Failure teaches you things that you'd never learn by succeeding. How to pick yourself up, dust yourself off, and try again. How to look for alternate paths to success.
Video games can claim this benefit as well, but what makes an RPG unique is the lack of a reset switch. If you fail in a video game, your character generally dies (occasionally in a cool explosion) and the game resets to a point before you failed and lets you try again. So you try again from exactly the same initial condition.
One thing that amused me about the video game Grand Theft Auto: San Andreas was an early mission that took me a few tries to succeed at. Each time, I would get in the car with all my "homies" to do a driveby on a rival gang. Each time, they would fire back until my car and all my "peeps" exploded (though I was usually good enough to get out of the car before that point). Then I would go get the mission again and all those people who died in that car are miraculously alive as if nothing had happened. The exact same people.
But in an RPG, you have to deal with the consequences of your actions. If you fail to sneak past someone, they don't reset and let you try again. You have to find another way to accomplish your goal that doesn't involve sneaking.

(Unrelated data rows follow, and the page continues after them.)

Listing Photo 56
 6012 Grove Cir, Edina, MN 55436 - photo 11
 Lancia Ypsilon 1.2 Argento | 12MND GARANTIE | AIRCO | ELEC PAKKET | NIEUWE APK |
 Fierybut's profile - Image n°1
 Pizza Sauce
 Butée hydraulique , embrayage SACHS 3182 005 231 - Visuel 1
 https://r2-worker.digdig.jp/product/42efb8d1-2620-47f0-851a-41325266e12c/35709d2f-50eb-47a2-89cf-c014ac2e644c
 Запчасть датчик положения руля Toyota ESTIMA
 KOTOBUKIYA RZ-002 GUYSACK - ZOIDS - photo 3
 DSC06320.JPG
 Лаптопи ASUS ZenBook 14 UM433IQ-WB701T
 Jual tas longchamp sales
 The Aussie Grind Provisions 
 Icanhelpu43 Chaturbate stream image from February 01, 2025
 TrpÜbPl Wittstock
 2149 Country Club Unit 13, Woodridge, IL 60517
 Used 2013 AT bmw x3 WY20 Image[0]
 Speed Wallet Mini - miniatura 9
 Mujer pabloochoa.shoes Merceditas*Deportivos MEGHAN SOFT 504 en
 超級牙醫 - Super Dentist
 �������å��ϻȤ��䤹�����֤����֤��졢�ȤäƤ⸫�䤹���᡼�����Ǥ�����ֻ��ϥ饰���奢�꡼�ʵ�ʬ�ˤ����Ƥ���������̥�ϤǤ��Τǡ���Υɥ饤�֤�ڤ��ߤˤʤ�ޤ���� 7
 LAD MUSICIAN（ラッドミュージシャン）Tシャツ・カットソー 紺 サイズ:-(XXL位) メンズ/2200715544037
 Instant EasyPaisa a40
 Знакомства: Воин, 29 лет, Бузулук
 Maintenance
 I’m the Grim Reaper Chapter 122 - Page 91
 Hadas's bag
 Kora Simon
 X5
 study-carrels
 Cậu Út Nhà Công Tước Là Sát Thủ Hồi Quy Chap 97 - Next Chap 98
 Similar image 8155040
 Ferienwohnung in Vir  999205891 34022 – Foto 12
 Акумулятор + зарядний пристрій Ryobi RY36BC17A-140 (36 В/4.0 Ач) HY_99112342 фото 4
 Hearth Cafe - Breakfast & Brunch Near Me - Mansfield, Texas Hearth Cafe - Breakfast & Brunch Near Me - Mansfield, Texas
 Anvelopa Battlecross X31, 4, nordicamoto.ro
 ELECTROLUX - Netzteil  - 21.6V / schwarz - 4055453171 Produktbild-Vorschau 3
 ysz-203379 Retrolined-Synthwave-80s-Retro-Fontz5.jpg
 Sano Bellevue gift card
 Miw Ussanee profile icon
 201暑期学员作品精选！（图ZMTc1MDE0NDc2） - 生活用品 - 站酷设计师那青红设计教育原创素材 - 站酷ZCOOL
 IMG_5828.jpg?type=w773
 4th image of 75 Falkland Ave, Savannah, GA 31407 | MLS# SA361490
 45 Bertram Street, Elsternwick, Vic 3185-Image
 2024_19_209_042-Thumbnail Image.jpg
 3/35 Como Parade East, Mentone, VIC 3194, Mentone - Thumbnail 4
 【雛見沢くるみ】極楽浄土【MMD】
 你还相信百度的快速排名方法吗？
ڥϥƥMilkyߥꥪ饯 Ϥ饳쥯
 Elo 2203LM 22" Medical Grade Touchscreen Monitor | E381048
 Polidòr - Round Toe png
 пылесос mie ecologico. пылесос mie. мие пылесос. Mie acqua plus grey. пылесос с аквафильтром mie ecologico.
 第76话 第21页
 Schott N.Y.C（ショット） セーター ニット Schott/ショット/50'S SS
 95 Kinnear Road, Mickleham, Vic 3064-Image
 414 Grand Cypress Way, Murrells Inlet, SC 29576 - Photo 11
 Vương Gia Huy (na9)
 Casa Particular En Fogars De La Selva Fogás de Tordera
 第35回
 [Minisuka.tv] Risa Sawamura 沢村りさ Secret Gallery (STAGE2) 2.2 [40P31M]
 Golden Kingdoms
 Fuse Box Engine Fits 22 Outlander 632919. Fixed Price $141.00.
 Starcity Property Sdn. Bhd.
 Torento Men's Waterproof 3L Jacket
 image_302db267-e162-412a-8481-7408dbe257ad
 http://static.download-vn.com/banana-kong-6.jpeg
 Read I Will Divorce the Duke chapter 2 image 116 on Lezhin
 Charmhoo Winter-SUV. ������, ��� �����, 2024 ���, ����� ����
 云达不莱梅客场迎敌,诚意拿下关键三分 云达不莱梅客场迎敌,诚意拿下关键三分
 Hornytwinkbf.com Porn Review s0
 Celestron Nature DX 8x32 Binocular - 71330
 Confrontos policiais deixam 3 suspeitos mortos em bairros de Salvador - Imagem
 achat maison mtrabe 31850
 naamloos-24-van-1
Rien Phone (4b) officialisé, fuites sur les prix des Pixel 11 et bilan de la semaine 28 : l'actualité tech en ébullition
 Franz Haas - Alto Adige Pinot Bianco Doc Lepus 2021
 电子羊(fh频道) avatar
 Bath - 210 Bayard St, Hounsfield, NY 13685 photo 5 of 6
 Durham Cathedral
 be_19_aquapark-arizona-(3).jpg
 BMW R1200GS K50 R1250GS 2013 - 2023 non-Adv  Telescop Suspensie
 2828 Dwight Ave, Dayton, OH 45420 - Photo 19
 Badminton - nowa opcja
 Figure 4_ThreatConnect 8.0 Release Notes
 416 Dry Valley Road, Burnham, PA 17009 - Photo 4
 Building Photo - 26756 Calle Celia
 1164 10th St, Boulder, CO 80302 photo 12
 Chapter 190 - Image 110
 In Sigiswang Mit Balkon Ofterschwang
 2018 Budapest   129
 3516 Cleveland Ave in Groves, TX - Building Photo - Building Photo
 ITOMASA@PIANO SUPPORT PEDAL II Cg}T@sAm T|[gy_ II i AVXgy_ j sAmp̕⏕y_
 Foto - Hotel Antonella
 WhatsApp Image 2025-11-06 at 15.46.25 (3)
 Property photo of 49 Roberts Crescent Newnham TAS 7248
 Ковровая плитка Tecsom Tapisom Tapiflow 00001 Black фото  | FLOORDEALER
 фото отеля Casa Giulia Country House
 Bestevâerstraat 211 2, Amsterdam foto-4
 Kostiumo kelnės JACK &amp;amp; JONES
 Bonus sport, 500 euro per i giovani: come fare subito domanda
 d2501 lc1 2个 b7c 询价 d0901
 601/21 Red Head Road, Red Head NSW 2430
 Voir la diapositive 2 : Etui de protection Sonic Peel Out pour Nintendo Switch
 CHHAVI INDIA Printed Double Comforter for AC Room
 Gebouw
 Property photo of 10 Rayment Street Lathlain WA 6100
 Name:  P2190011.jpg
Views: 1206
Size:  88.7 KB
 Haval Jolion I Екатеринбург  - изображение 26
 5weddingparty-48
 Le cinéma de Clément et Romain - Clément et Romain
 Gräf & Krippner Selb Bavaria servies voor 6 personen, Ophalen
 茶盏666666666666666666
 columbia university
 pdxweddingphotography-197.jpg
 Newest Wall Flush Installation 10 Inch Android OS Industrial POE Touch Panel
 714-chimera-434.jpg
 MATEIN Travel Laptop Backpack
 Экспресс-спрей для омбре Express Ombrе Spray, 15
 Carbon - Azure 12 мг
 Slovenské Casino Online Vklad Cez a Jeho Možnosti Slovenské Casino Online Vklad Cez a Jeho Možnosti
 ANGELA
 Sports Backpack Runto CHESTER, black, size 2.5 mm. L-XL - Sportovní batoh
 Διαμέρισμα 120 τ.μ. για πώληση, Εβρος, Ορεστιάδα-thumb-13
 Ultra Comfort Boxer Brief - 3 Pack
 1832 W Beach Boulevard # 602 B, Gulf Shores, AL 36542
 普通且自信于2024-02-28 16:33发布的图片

Some Narrators may do something like this on accident. They'll tell you to make a roll but assume that you'll succeed. And the situation is set up in such a way that the only way to advance is with a successful skill roll. I've seen this called the "Mandatory Skill Roll Bug" though some of you might have your own name for it.
Video games also claim to support critical thinking. This is true, as player must figure out the solution to a problem in order to advance the plot of the game. Find the right weapon or find the right pattern to use in the boss battle. Find the key to access the new area. Which is good if there's only one solution to a given situation.
In an RPG, multiple solutions are possible, because your choices aren't limited by what a computer can anticipate, but by what a player and Narrator are willing to imagine. Instead of hunting all over the game world to find the one item that will accomplish a certain task, a player may decide to attempt the task with a similar item or look for a way to accomplish it without the item at all.
"The Jaded City of Oz", the sample adventure in the back of the Adventures in Oz: Fantasy Roleplaying Beyond the Yellow Brick Road, does this sort of thing very well. Each scene along the parade route does not have a preset solution that the players must stumble upon in order to advance the story. And since the parade goes on whether or not any of the scenes are fully resolved, players can even choose to avoid or ignore the encounters without "failing the mission" or cause the story to come to a crashing halt.